--- TASK TO CARRY OUT ---
Word for word, write out all of the data below.

--- DATA SECTION ---
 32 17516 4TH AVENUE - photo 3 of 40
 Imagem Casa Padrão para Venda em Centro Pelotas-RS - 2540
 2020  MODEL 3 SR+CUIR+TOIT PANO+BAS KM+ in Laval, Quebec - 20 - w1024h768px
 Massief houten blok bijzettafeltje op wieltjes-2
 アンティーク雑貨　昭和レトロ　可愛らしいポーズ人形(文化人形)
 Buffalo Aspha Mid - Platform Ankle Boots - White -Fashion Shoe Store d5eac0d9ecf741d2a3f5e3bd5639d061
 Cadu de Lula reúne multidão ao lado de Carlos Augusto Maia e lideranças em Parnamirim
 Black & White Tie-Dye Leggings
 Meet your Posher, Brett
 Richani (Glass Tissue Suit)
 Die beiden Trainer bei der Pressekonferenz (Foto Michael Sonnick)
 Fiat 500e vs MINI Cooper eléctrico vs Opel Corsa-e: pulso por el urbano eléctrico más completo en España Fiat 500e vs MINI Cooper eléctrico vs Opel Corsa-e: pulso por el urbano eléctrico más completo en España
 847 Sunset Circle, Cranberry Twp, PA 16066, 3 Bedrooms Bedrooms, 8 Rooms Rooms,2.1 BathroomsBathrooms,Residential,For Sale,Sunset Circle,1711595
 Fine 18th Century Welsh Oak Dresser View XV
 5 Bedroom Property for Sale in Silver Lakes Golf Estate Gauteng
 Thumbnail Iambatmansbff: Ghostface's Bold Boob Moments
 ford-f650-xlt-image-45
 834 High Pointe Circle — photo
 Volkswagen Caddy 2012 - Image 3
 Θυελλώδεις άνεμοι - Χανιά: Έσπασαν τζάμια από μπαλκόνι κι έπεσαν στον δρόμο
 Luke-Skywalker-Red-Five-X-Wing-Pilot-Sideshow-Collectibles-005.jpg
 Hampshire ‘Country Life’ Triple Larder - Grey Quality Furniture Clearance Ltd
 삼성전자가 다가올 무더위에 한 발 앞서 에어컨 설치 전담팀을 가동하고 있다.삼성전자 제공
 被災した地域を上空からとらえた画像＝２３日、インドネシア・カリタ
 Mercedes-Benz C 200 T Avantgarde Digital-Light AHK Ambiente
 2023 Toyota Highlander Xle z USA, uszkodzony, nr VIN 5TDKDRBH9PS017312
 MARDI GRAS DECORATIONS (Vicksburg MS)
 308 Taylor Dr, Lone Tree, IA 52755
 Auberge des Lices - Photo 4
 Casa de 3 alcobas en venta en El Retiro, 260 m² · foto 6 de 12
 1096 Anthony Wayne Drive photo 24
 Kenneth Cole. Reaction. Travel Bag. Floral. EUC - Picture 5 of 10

--- RESPONSE ---
 32 17516 4TH AVENUE - photo 3 of 40
 Imagem Casa Padrão para Venda em Centro Pelotas-RS - 2540
 2020  MODEL 3 SR+CUIR+TOIT PANO+BAS KM+ in Laval, Quebec - 20 - w1024h768px
 Massief houten blok bijzettafeltje op wieltjes-2
 アンティーク雑貨　昭和レトロ　可愛らしいポーズ人形(文化人形)
 Buffalo Aspha Mid - Platform Ankle Boots - White -Fashion Shoe Store d5eac0d9ecf741d2a3f5e3bd5639d061
 Cadu de Lula reúne multidão ao lado de Carlos Augusto Maia e lideranças em Parnamirim
 Black & White Tie-Dye Leggings
 Meet your Posher, Brett
 Richani (Glass Tissue Suit)
 Die beiden Trainer bei der Pressekonferenz (Foto Michael Sonnick)
 Fiat 500e vs MINI Cooper eléctrico vs Opel Corsa-e: pulso por el urbano eléctrico más completo en España Fiat 500e vs MINI Cooper eléctrico vs Opel Corsa-e: pulso por el urbano eléctrico más completo en España
 847 Sunset Circle, Cranberry Twp, PA 16066, 3 Bedrooms Bedrooms, 8 Rooms Rooms,2.1 BathroomsBathrooms,Residential,For Sale,Sunset Circle,1711595
 Fine 18th Century Welsh Oak Dresser View XV
 5 Bedroom Property for Sale in Silver Lakes Golf Estate Gauteng
 Thumbnail Iambatmansbff: Ghostface's Bold Boob Moments
 ford-f650-xlt-image-45
 834 High Pointe Circle — photo
 Volkswagen Caddy 2012 - Image 3
 Θυελλώδεις άνεμοι - Χανιά: Έσπασαν τζάμια από μπαλκόνι κι έπεσαν στον δρόμο
 Luke-Skywalker-Red-Five-X-Wing-Pilot-Sideshow-Collectibles-005.jpg
 Hampshire ‘Country Life’ Triple Larder - Grey Quality Furniture Clearance Ltd
 삼성전자가 다가올 무더위에 한 발 앞서 에어컨 설치 전담팀을 가동하고 있다.삼성전자 제공
 被災した地域を上空からとらえた画像＝２３日、インドネシア・カリタ
 Mercedes-Benz C 200 T Avantgarde Digital-Light AHK Ambiente
 2023 Toyota Highlander Xle z USA, uszkodzony, nr VIN 5TDKDRBH9PS017312
 MARDI GRAS DECORATIONS (Vicksburg MS)
 308 Taylor Dr, Lone Tree, IA 52755
 Auberge des Lices - Photo 4
 Casa de 3 alcobas en venta en El Retiro, 260 m² · foto 6 de 12
 1096 Anthony Wayne Drive photo 24
 Kenneth Cole. Reaction. Travel Bag. Floral. EUC - Picture 5 of 10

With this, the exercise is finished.